10 horses and riders selected from the cities 17 contrade, race bareback around the Piazza del Campo, the city's main square.
The Palio is run twice a once on the 2nd of July and again on the 16th of August, so there's still some time to plan a visit. The whole race normally only lasts 75 seconds but there are many traditions and festivals surrounding the Palio.
Both Palios are dedicated to the Vigin Mary, the first in July coincides with the Feast of Visitation, when Mary visited her cousin Elizabeth whilst pregnant, and also a local celebration of a miraculous painting of the Virgin. The August Palio is held on the day after the Feast of Assuption. In special years, or after significant events a third Palio might also be added.
Though 20,000 visitors crowd in to the Piazza del Campo every year to see each Palio, they are outnumbered but the 40,000 residents of Siena who regularly turn up. Around two thirds of the cities population. The fact that each horse is tied to one of the cities districts might have a lot to do with this devotion. Siena has 17 contrade but only 10 horses race in each Palio, the 7 who did not race in the previous Palio are entered automatically and then the remaining 10 districts draw lots for the last three places.

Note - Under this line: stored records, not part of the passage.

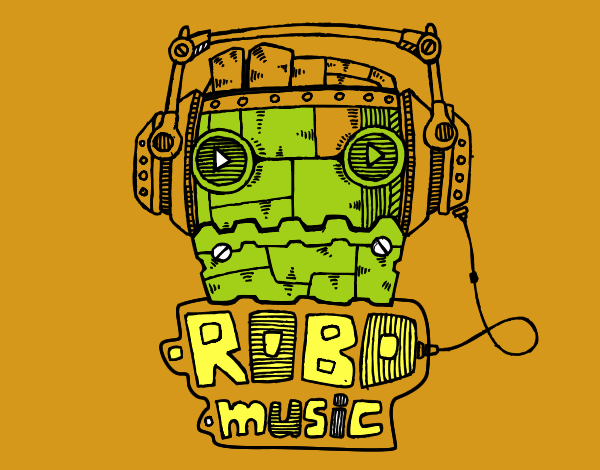 Dibujo Robot music pintado por gorrito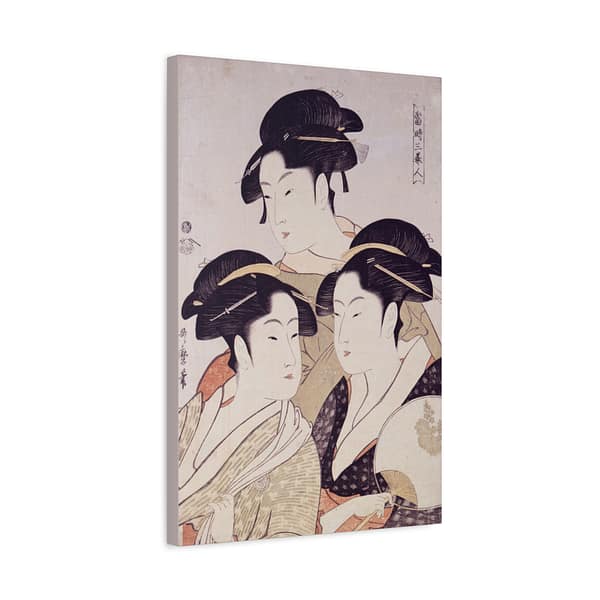 370236963163634146_2048.jpeg Three Beauties of the Present Day - Kitagawa Utamaro (c. 1792-93) - Japanese Woodblock Canvas Print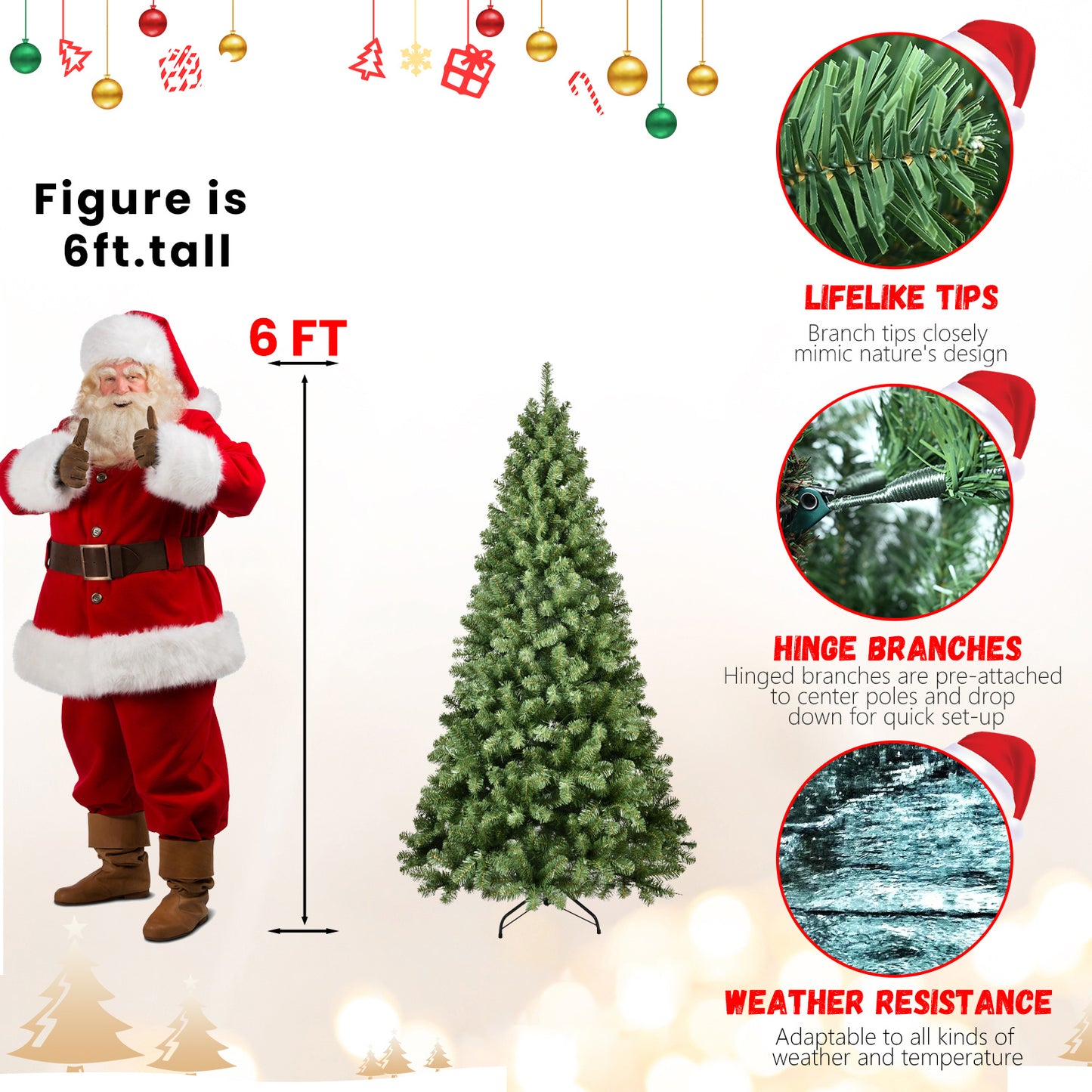 Bringstar Prelit Christmas Tree 5ft/6ft/7ft/8ft/9ft , Xmas Artificial Trees 551 Premium PVC Branches, 200 Lights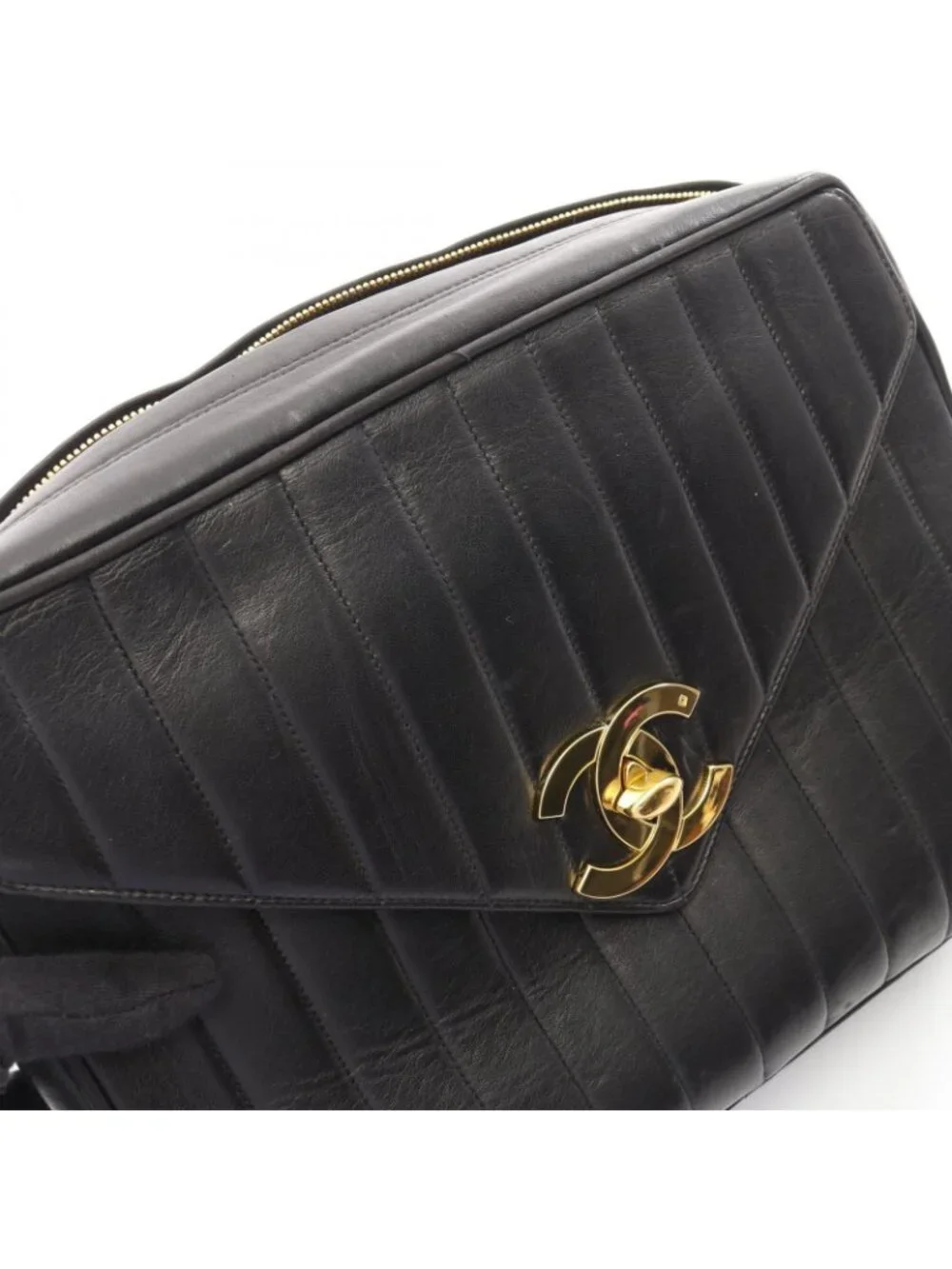 Chanel Shoulder Bag Mademoiselle Tassel Black Lambskin Fringe Chain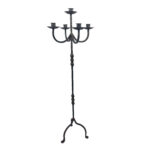 Hand Forged Iron Floor Candelabra 48.5" (123cm) Antique Copper or Gold Patina 3-Arm Royal Scroll Candle Holder Decor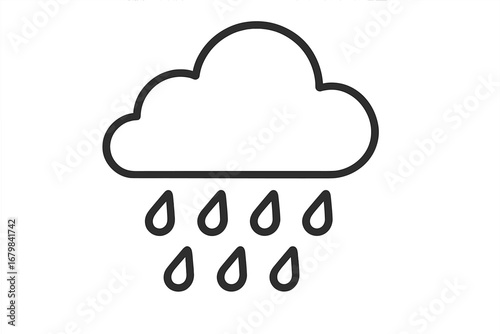 Rain cloud outline line icon. Weather forecast symbol. Storm, downpour, drizzle, raindrops concept. Meteorology pictogram for web design, apps. Simple minimal vector cartoon.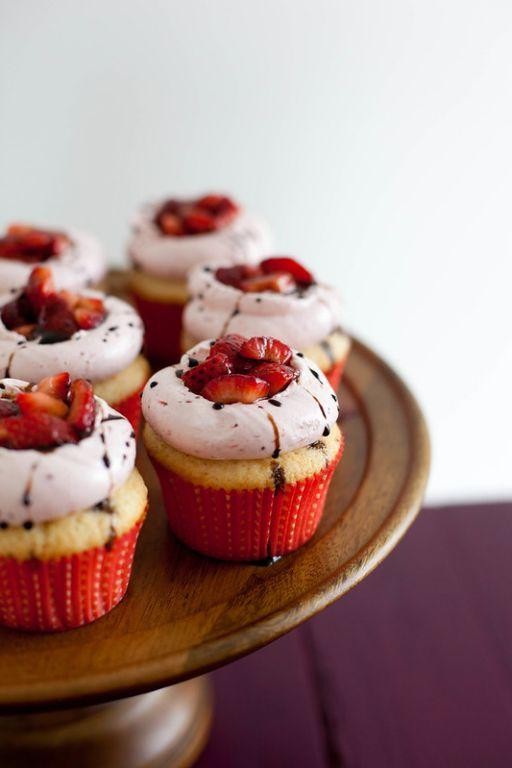 Roasted Strawberry and Balsamic Cupcakes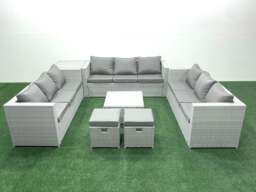 Rackhams Rattan Garden Outdoor Furniture Set 11 Seater Rattan Garden Sofa Set with 2 Small Footstool Side Table Light Grey Mixed - thumbnail 1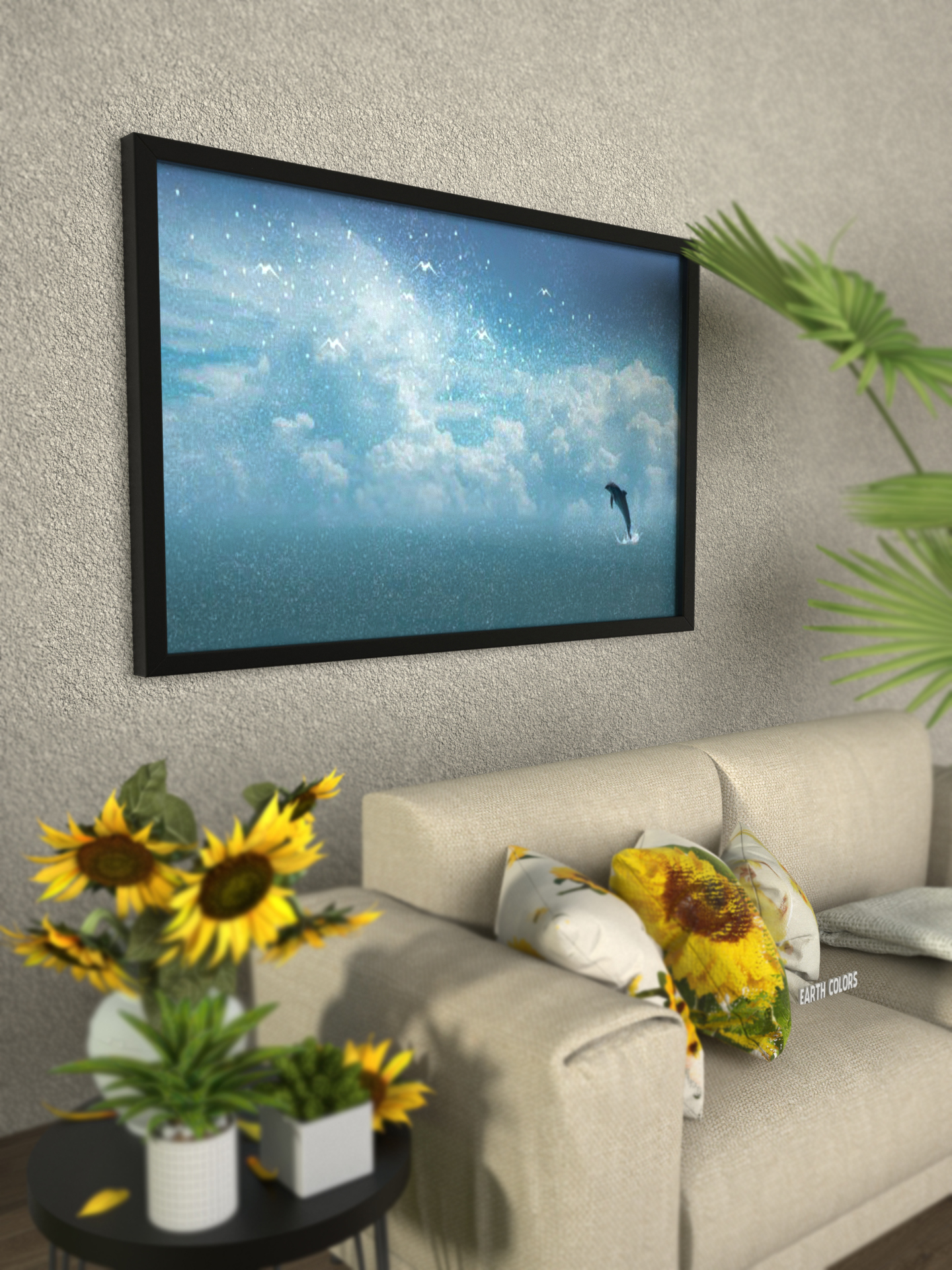 Enter framing picture online art design with natural colors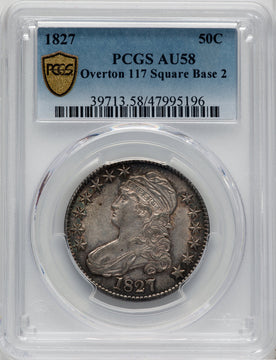 182750C Square Base 2 O-117 Bust Half Dollar PCGS AU58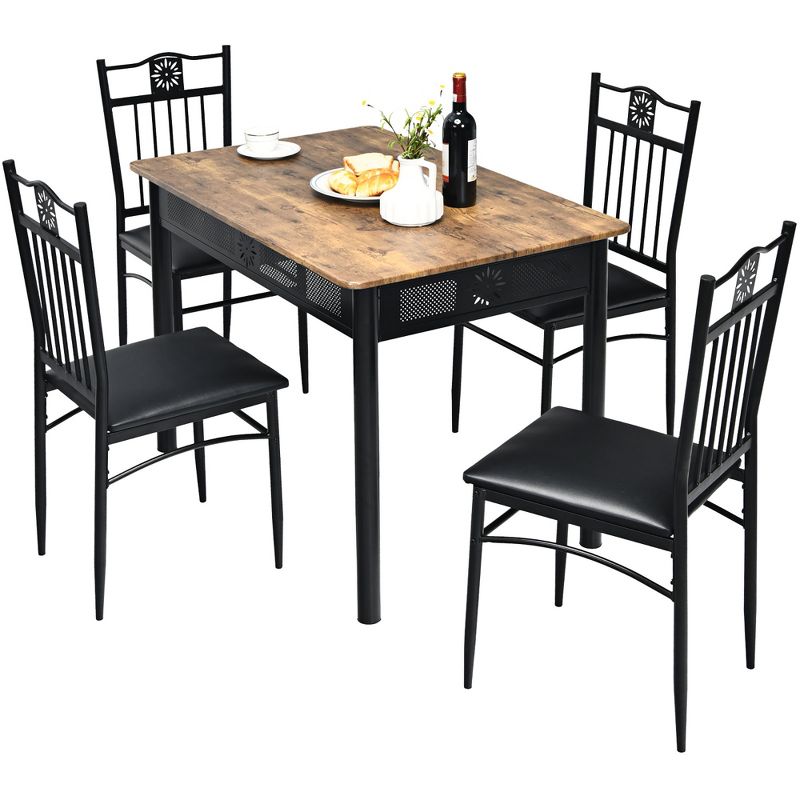 Costway 5PCS Dining Set Metal Table & 4 Chairs Kitchen Breakfast Furniture Black, 1 of 11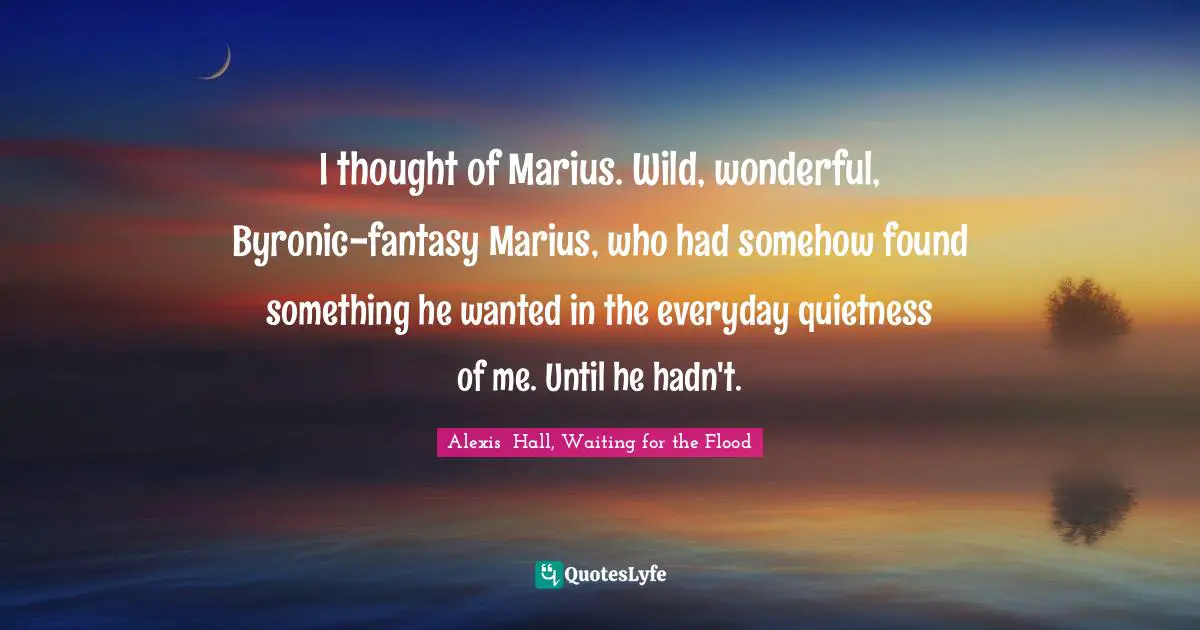 I thought of Marius. Wild, wonderful, Byronic-fantasy Marius, who had somehow found something he wanted in the everyday quietness of me. Until he hadn't.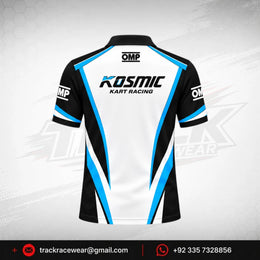 Kosmic Kart Racing Polo Shirt – Black, White & Blue OMP Design
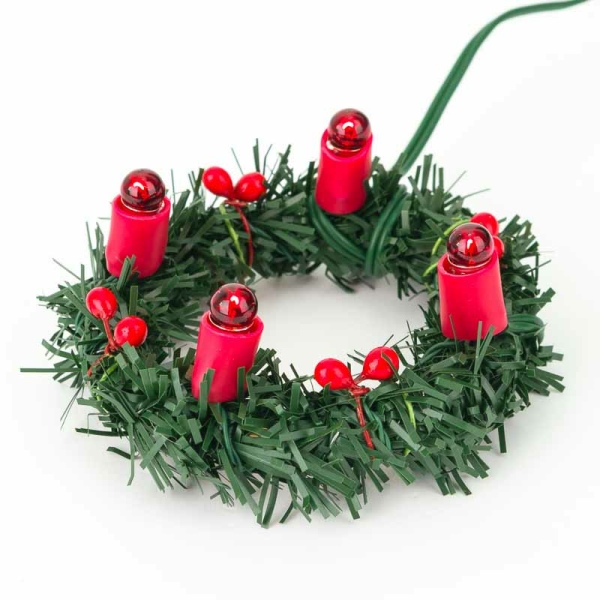 Adventskranz Leuchter weihnachtliche Puppenhaus Miniaturen 1:12 Seiffen Erzgebir 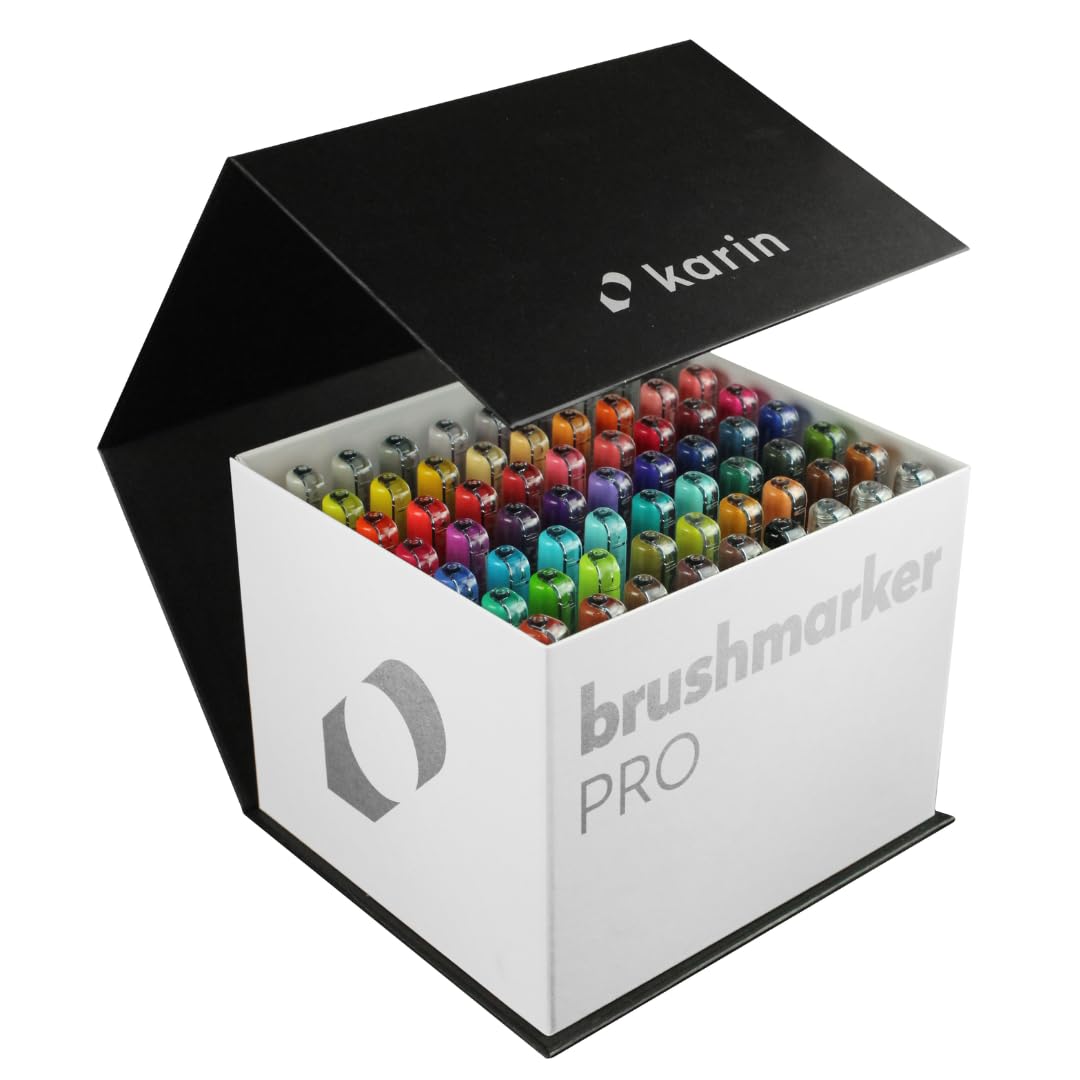KARIN Megabox Brush Marker Pro Water-Based Brush Pen Suitable for Painting, Drawing and Handlettering Multi-Coloured KAR27C7 Assorted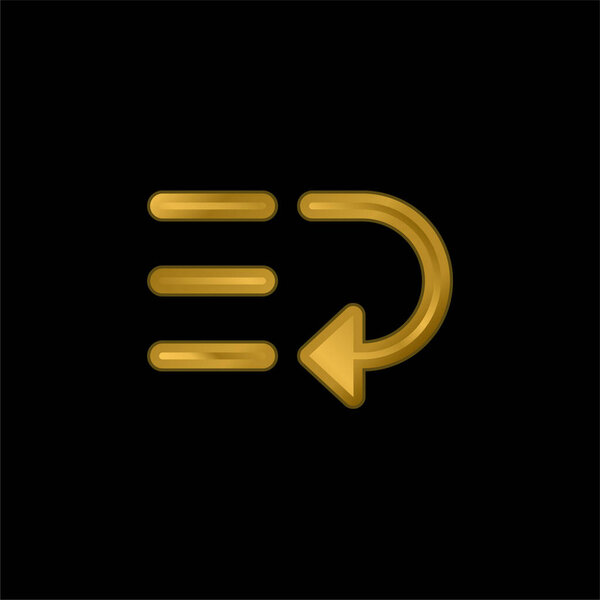 Bottom gold plated metalic icon or logo vector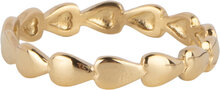 Charmin&#039;s Goudkleurige Ring met Subtiele Gevulde Hartjes Staal R1650 &ndash; Moderne Liefde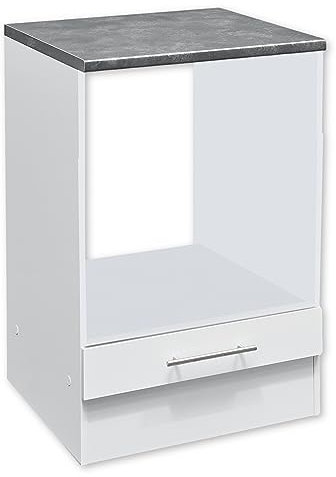 Eddy Moderner Herdumbauschrank in Weiß matt, Metallic Grau - Geräumiger Küchenschrank mit viel Stauraum - 60 x 90 x 60 cm (B/H/T)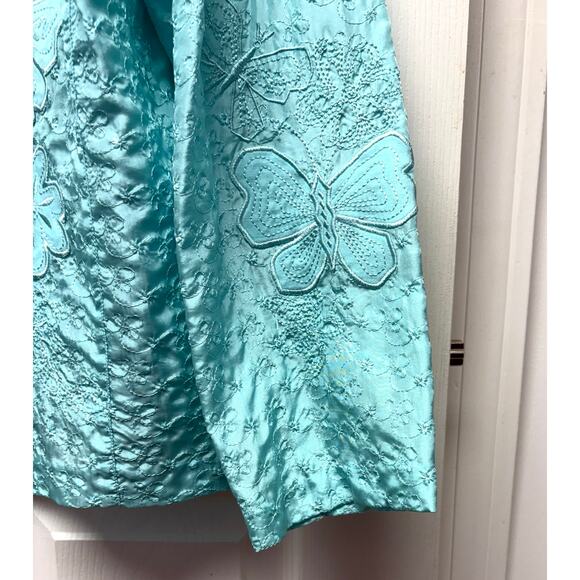 Aqua Blue Silk Blouse Floral Embroidery Long Sleeve Button Up Women's Size L - Picture 4 of 5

Rivalries can run high in the days leading up to the Palio and there is a whole system of rituals, alliances and animosities unique to each contrade.
What to see when at the Palio di Siena
A few days before the race itself, on the 29th of June and the 13th of August are la tratta, the presentation of the horses who will compete in the 6 horse trials leading up to the Palio. No pure bread horses are allowed, they are all mixed breeds. The trials take place from 8.40 am and 7.45 pm on the days between la tratta and the Palio in the city's main square. This will give you a chance to eye up the horses and riders and make your selection.
The night before the Palio each contrade will hold it's own open air dinner. Tickets are normally around £50 a head and it's a great way to get swept up in the atmosphere of the Palio and bond with your chosen contrade.
On the day of the Palio the race itself is preceded by a spectacular 2 hour parade in medieval costume, the Corteo Storico. The parade has always been a traditional part of the Palio and takes place between the Palace of Justice and the Piazza del Campo.
At 7.00 pm or 7.30 pm in August a mini explosion singles that the race is about to begin. You can watch from a cordoned off section of the Piazza, which is free, but very busy. We'd recommend turning up at least 5 hours before hand if you're planning on watching from here. Make sure you bring plenty of water and sunscreen.
The other option is to book a seat in one of the stands around the square. These tend to be owned by the bars and restaurants around the square and tend to sell out pretty early, they can also be quite pricey, €160+ per seat. There are also balconies around the square that are even more expensive. Wherever your standing make sure to sport the colours of your chosen contrade.
The race itself is very short, a horse can win without a ride and the loser is the contrade whose horse comes second, not last. The lucky winner is awarded a banner of painted silk, or palio, which is hand-painted by a different artist for each race.
If you'd like to find out more about the Palio we strongly recommend the amazing documentary film 'PALIO' by our friend Cosima Spender. It won Best Editing for a Documentary at the Tribeca Film Festival and received a nomination in the category for Best Documentary at the British Independent Film Awards.